[Date Prev][Date Next][Thread Prev][Thread Next][Date Index][Thread Index]

Re: [PATCH V2 2/3] xen/arm: Add handling of extended regions for Dom0



Hi Oleksandr,

On 10/09/2021 23:18, Oleksandr Tyshchenko wrote:
From: Oleksandr Tyshchenko <oleksandr_tyshchenko@xxxxxxxx>

The extended region (safe range) is a region of guest physical
address space which is unused and could be safely used to create
grant/foreign mappings instead of wasting real RAM pages from
the domain memory for establishing these mappings.

The extended regions are chosen at the domain creation time and
advertised to it via "reg" property under hypervisor node in
the guest device-tree. As region 0 is reserved for grant table
space (always present), the indexes for extended regions are 1...N.
If extended regions could not be allocated for some reason,
Xen doesn't fail and behaves as usual, so only inserts region 0.

Please note the following limitations:
- The extended region feature is only supported for 64-bit domain.
- The ACPI case is not covered.

I understand the ACPI is not covered because we would need to create a new binding. But I am not sure to understand why 32-bit domain is not supported. Can you explain it?


***

As Dom0 is direct mapped domain on Arm (e.g. MFN == GFN)
the algorithm to choose extended regions for it is different
in comparison with the algorithm for non-direct mapped DomU.
What is more, that extended regions should be chosen differently
whether IOMMU is enabled or not.

Provide RAM not assigned to Dom0 if IOMMU is disabled or memory
holes found in host device-tree if otherwise.

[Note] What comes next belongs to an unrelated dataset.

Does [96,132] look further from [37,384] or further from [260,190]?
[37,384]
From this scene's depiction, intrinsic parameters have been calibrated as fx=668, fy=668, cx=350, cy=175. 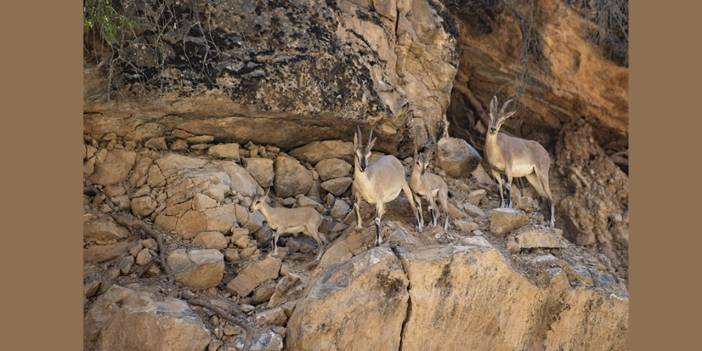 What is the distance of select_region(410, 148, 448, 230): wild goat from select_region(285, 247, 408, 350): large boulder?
1.66 m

For the case when the IOMMU is disabled, this will only work if dom0 cannot allocate memory outside of the original range. This is currently the case... but I think this should be spelled out in at least the commit message.

Make sure that
extended regions are 2MB-aligned and located within maximum possible
addressable physical memory range. The maximum number of extended
regions is 128.

Please explain how this limit was chosen.


Suggested-by: Julien Grall <jgrall@xxxxxxxxxx>
Signed-off-by: Oleksandr Tyshchenko <oleksandr_tyshchenko@xxxxxxxx>
---
Changes since RFC:
    - update patch description
    - drop uneeded "extended-region" DT property
---

  xen/arch/arm/domain_build.c | 226 +++++++++++++++++++++++++++++++++++++++++++-
  1 file changed, 224 insertions(+), 2 deletions(-)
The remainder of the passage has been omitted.